Após enfrentar dificuldades em estabelecer um diálogo com a empresa, decidi buscar orientação no Procon, onde me conectei com outros interessados e estudantes de Direito. Essas conexões me levaram à CUT e outras instituições que orientaram a possibilidade de criar um movimento ou associação. Inspirados por essas orientações, iniciamos uma manifestação em 8 de abril, que consolidou a decisão de formar uma associação dedicada à luta contra a precarização do trabalho e das condições das bicicletas. A indignação era geral, especialmente devido aos problemas de qualidade das bicicletas, os planos inadequados e o aumento dos valores cobrados pela Tembici. Liderando o grupo, conseguimos abrir diálogo com a Assembleia Executiva, que se mostrou receptiva às nossas reivindicações. Esse encontro marcou o início de uma colaboração ativa entre os membros do grupo, que passaram a trabalhar juntos de forma organizada para promover mudanças significativas.
Você sente que começou a ser melhor remunerado e ter mais benefícios depois das associações?
Claro. Inicialmente, eu recebia R$5,00 por rota, valor que aumentou para R$6,50. Embora o aumento não tenha sido muito significativo, a iminente regulamentação nos permitiu pressionar o iFood para melhorar a remuneração. Estamos colhendo os frutos dessas negociações e esperamos aumentos maiores devido à pressão que continuamos exercendo. Recentemente, retomamos as discussões para exigir uma remuneração melhor e instamos o iFood a negociar conosco, especialmente em nosso estado. Estabelecemos dois pontos de apoio, incluindo um em Porto Alegre, que melhoraram consideravelmente as condições de trabalho. Estamos trabalhando para conscientizar os trabalhadores sobre seus direitos e a importância de não se conformarem com condições insatisfatórias. A união tem trazido várias melhorias, incluindo suporte durante o trabalho. Com a regulamentação em curso, vemos uma oportunidade de aumentar nossas exigências por melhor remuneração e qualidade de vida. Estamos focados em garantir remuneração digna, saúde e segurança, pilares essenciais para melhorar a vida dos trabalhadores. Incluímos benefícios como convênios e plano de saúde gratuito, elevando a dignidade e o bem-estar dos trabalhadores. Em Porto Alegre, particularmente, essas iniciativas trouxeram progressos significativos, transformando a realidade dos trabalhadores frente à falta de proteção legal anterior.
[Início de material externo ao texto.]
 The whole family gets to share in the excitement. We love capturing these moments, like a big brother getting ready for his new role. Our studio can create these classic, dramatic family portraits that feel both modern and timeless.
A associação teve uma participação ativa para mudar o valor da rota de R$5 para R$6,50?
Certamente, entramos na história no momento oportuno. Em apenas um ano, já estávamos em Brasília, graças a conexões certas e ao timing ideal. Desde o início, eu estava entre os cinco fundadores da Aliança Nacional dos Entregadores, colaborando com pessoas de diversos estados e entidades como o Solidaried Center, a CUT e a CENTRAP, bem como com o sindicato dos bolsistas de aplicativos da Uber. A pressão nacional, amplificada pela participação ativa da IEBAI e outros sindicatos, teve um impacto significativo. Nosso trabalho foi destacado em jornais de vários estados e entrevistas para grandes veículos como a Folha de São Paulo, fortalecendo uma corrente emergente que hoje é conhecida como Aliança Nacional. Para participar mais ativamente e formalmente, mudamos o nome de E-bike para Sergs e constituímos uma associação com CNPJ. Essa transformação foi crucial para nossa capacidade de influenciar a regulamentação e acompanhar nosso crescimento. Estávamos no momento certo para impulsionar essas mudanças, e hoje, acreditamos na construção de uma união forte dos trabalhadores em todo o Brasil.